2.1. Call and return

To introduce some terminology, let's consider a simple case of subroutine calling in Parrot. Consider the following Perl 5 code:

        sub inner {
            print "In inner.\n";
        }
        sub outer {
            print "In outer.\n";
            inner();
        }
        # main code
        print "Starting main.\n";
        outer();
        print "Done.\n";

When run, this scriptlet generates the following output:

        Starting main.
        In outer.
        In inner.
        Done.

If translated to PIR, the result might look something like this:

        .sub inner
                print "In inner.\n"
        .end
        .sub outer
                print "In outer.\n"
                inner()
        .end
        .sub main :main
                ## main code
                print "Starting main.\n"
                outer()
                print "Done.\n"
        .end

When executing, there are three subroutine calls made. The first one is when Parrot calls main (which it does because it is marked with :main). A Parrot_Context structure is created to record which sub is executing, and what the sub's local variables are (though we haven't any in this case). This is sometimes called an ``activation record'', and it corresponds to a stack frame in a stack-based implementation. In this simple case, Parrot behaves no differently from a stack-based interpreter (but that will change before long).
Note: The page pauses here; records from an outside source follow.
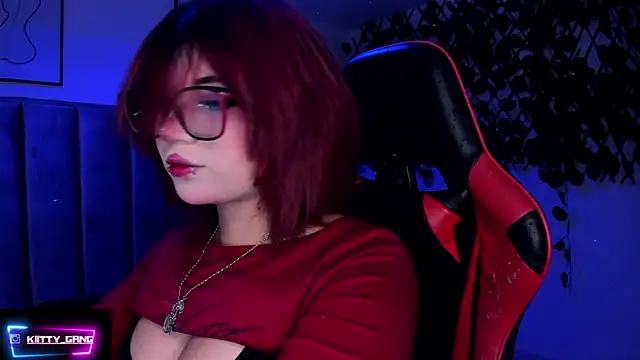 Kitty Gang online show from December 1, 2025, 2:38 am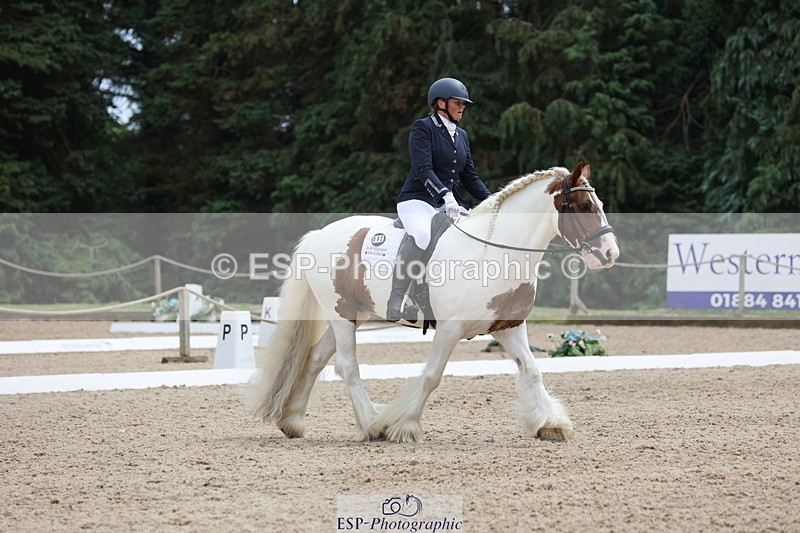 250718A-140218-01691 - 092-Rachael.Smaldon-Nadderbrook.Biscuit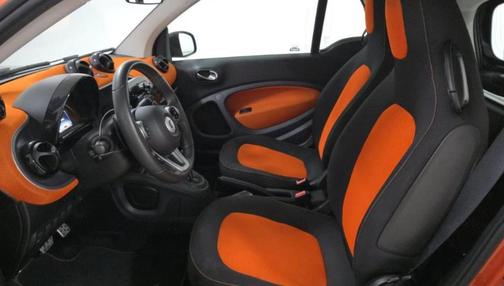 White 2016 smart ForTwo Passion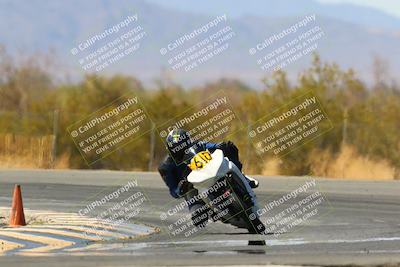 media/Apr-17-2022-CVMA (Sun) [[f474cfa795]]/Race 14 500 Supersport-350 Supersport (Holeshot)/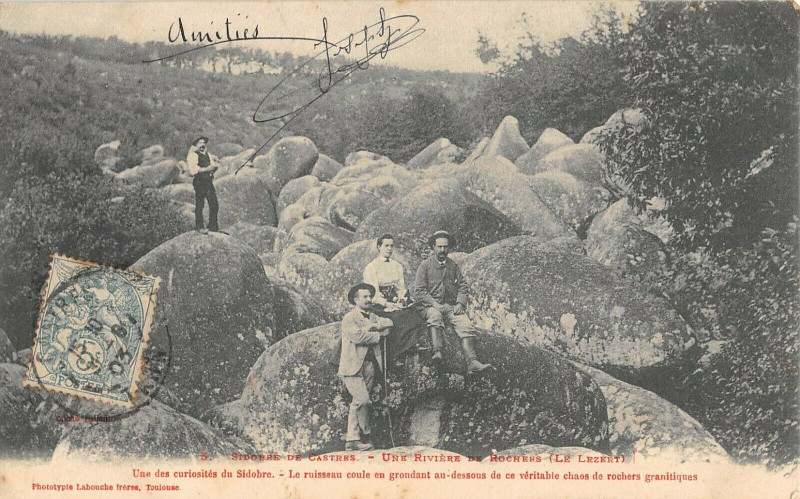 Carte postale ancienne Sidobre De Castres Une Riviere De Rochers Le Lezert à Castres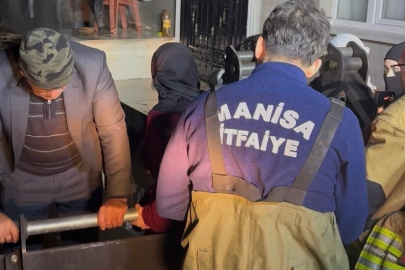 Manisa'da selde mahsur kalan 11 kişilik aileyi itfaiye kurtardı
While inner is executing, Parrot will have constructed the following chain of Parrot_Context structures to keep track of the evolving computation:

    --> Context: inner
           |
     RetContinuation (pc 16)
           |
           +----> Context: outer
                     |
               RetContinuation (pc 30)
                     |
                     +----> Context: main
                               |
                         RetContinuation (no pc)
                               |
                               +----> [end]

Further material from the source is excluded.